[What the exercise asks] Give the records again word for word. Leave every picture out.
──────── Source data ────────
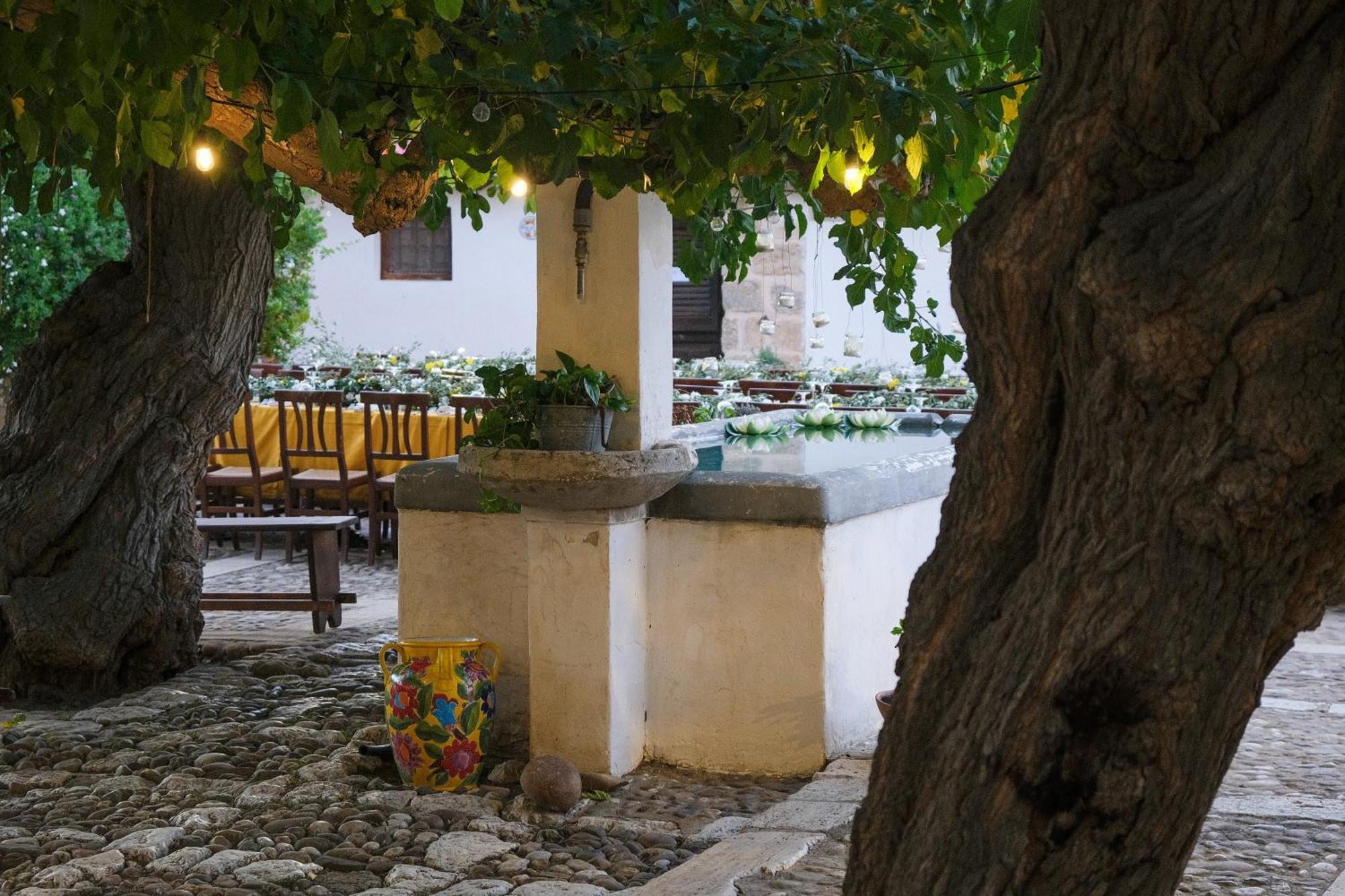 Fattoria Manostalla Villa Chiarelli Balestrate Exterior foto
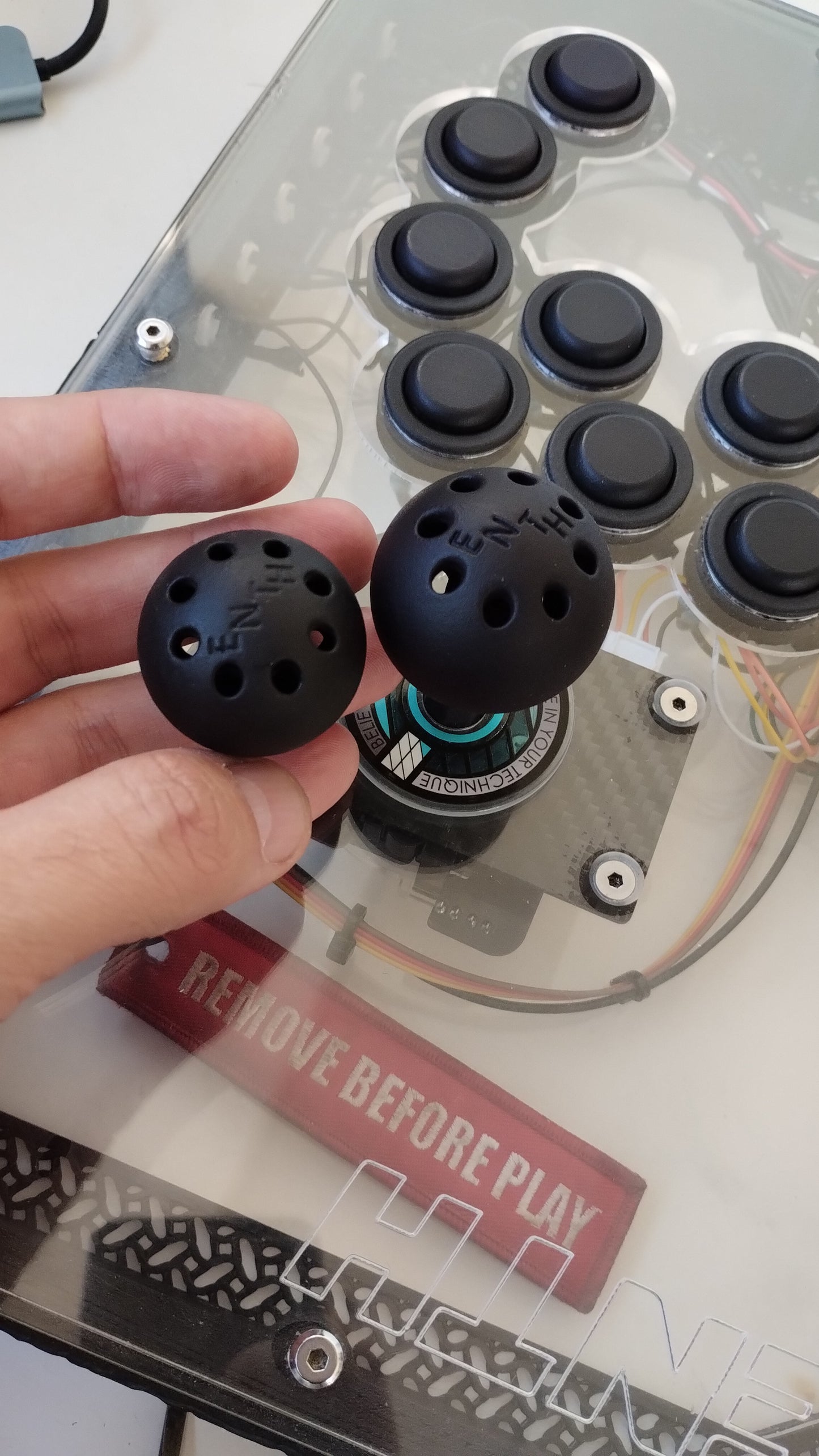 40MM HOLLOW BALLTOP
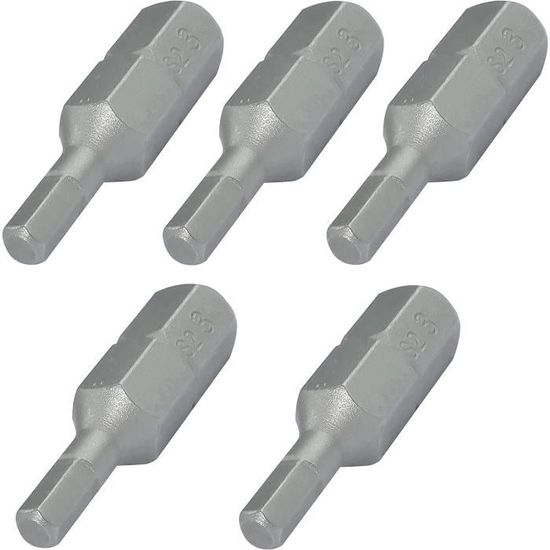 Lot De 5 - Embout De Vissage Torx T30 - Douille Carré 1-4 - C2168[H488] - Bricolage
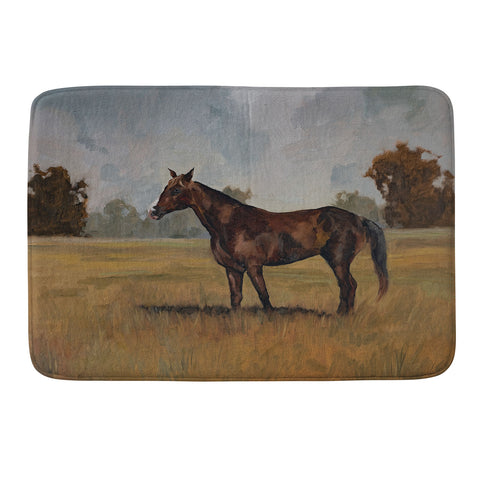 Miss Mustard Seed Runaway Rocky Memory Foam Bath Mat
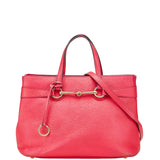 Gucci Horsebit Leather 2way Bag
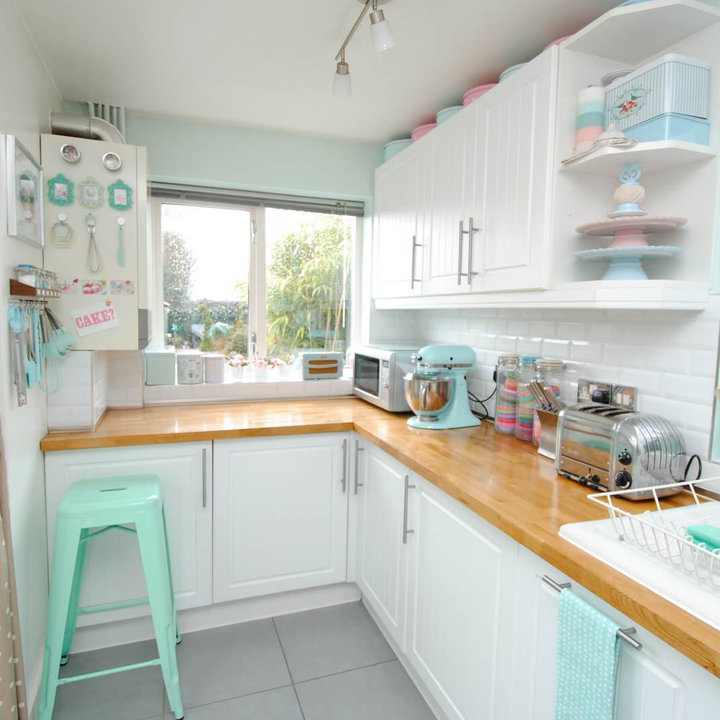 Lavender Kitchen - Photos & Ideas | Houzz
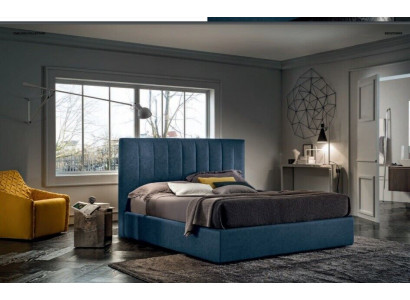 Letto progettato Camera da letto Letti Tessile di lusso Hotel Tessuto Imbottitura Sedile Italia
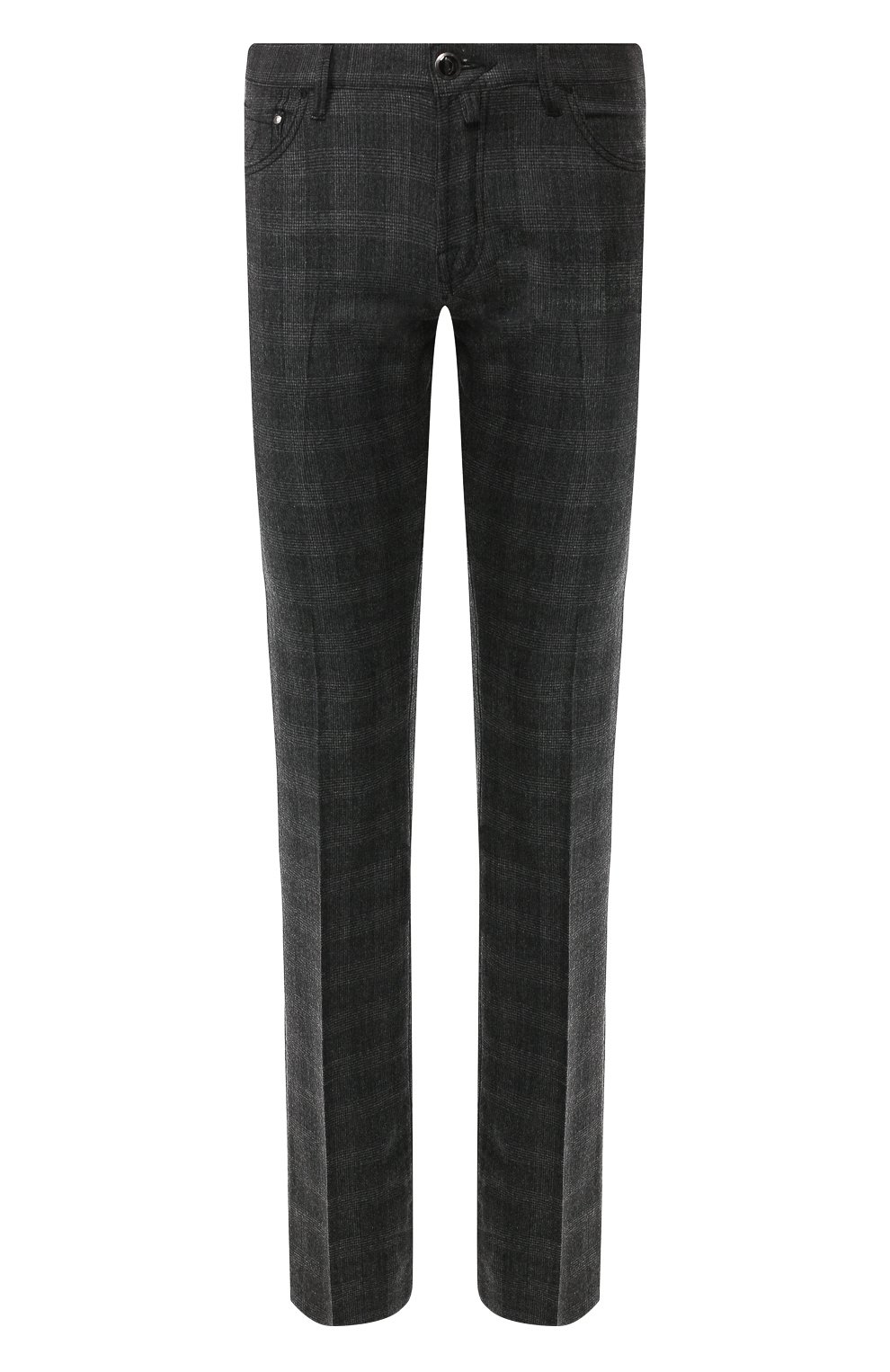 Шерстяные брюки JACOB COHEN, арт. J620 W00L CL C0MF 01659-N/52, фото 1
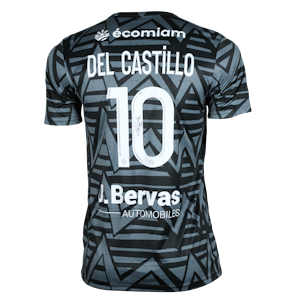 Romain Del Castillo Stade Brestois 29 camisa.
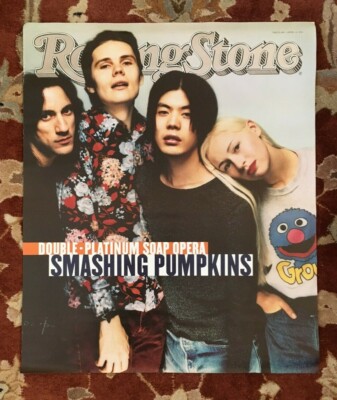 THE SMASHING PUMPKINS Rolling Stone Cover rare original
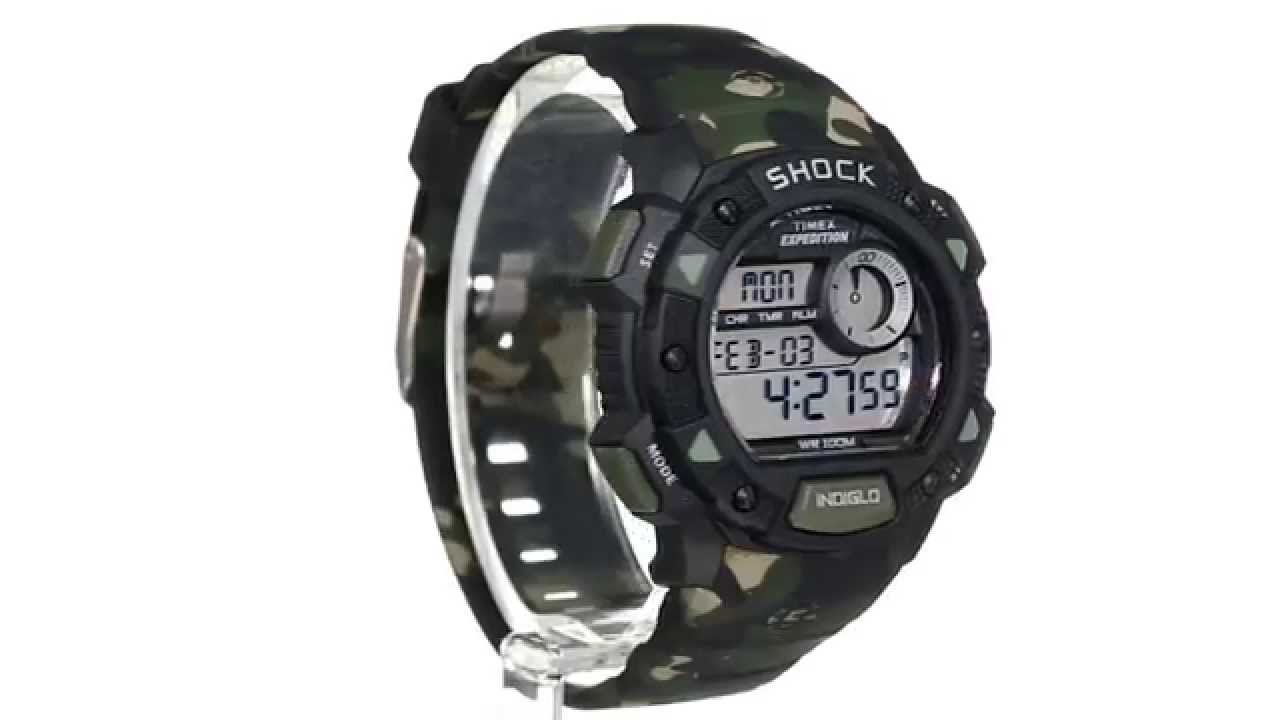 Timex Expedition Base Shock Watch  SKU: 8470163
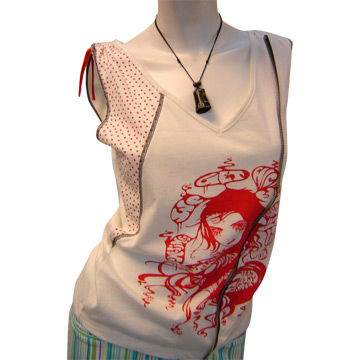  Ladies` Vest ( Ladies` Vest)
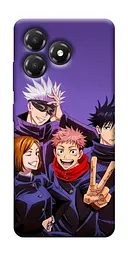 TPU чохол Demsky Together для ZTE Blade A36
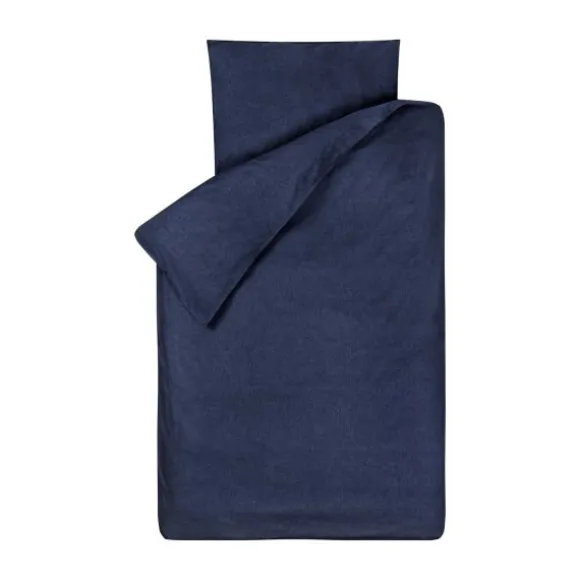 Bink Bedding Bo Dekbedovertrek Grijs 140 x 220 cm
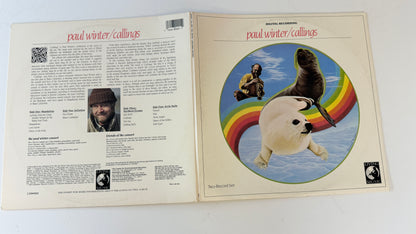 Paul Winter Callings Used Vinyl 2LP VG+\VG+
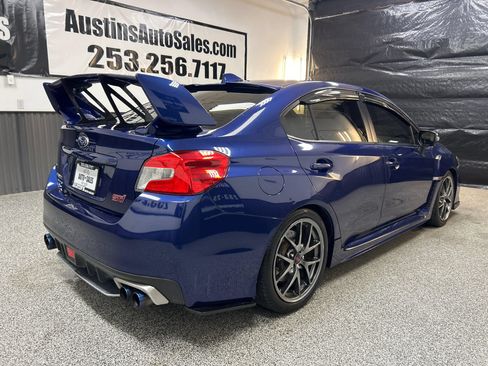 Used 2016 Subaru WRX STI Limited AWD/4WD image 6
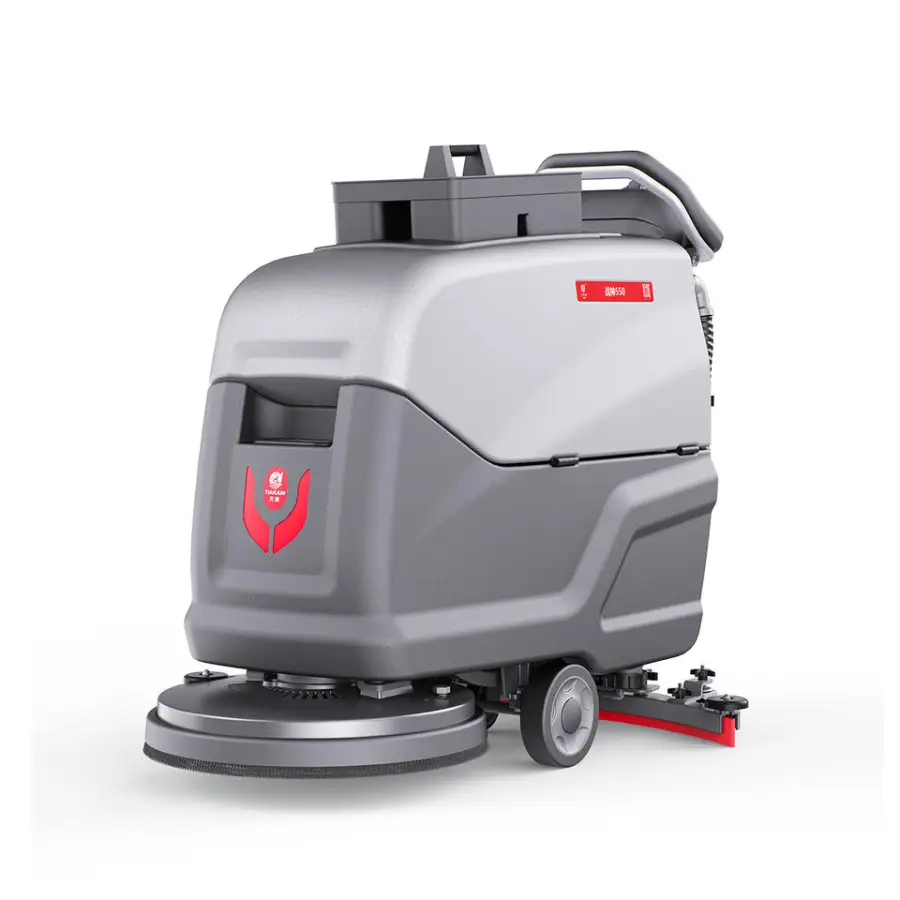 CleanHorse ARES530 New Self-Propelled Cordless Electric Walk-Behind Walk-Sweeper Tile Floor Scrubbing Machine 24V85Ah Battery — image 6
────────
[Task answer]
 Fattoria Manostalla Villa Chiarelli Balestrate Exterior foto
 40MM HOLLOW BALLTOP
 Lot De 5 - Embout De Vissage Torx T30 - Douille Carré 1-4 - C2168[H488] - Bricolage
 Miss Mustard Seed Runaway Rocky Memory Foam Bath Mat
 Gucci Horsebit Leather 2way Bag
 Lavender Kitchen - Photos & Ideas | Houzz
 Letto progettato Camera da letto Letti Tessile di lusso Hotel Tessuto Imbottitura Sedile Italia
 Шерстяные брюки JACOB COHEN, арт. J620 W00L CL C0MF 01659-N/52, фото 1
 Romain Del Castillo Stade Brestois 29 camisa.
 THE SMASHING PUMPKINS Rolling Stone Cover rare original
 Timex Expedition Base Shock Watch  SKU: 8470163
  Ladies` Vest ( Ladies` Vest)
 TPU чохол Demsky Together для ZTE Blade A36
 Bink Bedding Bo Dekbedovertrek Grijs 140 x 220 cm
 Paul Winter Callings Used Vinyl 2LP VG+\VG+
 Used 2016 Subaru WRX STI Limited AWD/4WD image 6
 CleanHorse ARES530 New Self-Propelled Cordless Electric Walk-Behind Walk-Sweeper Tile Floor Scrubbing Machine 24V85Ah Battery — image 6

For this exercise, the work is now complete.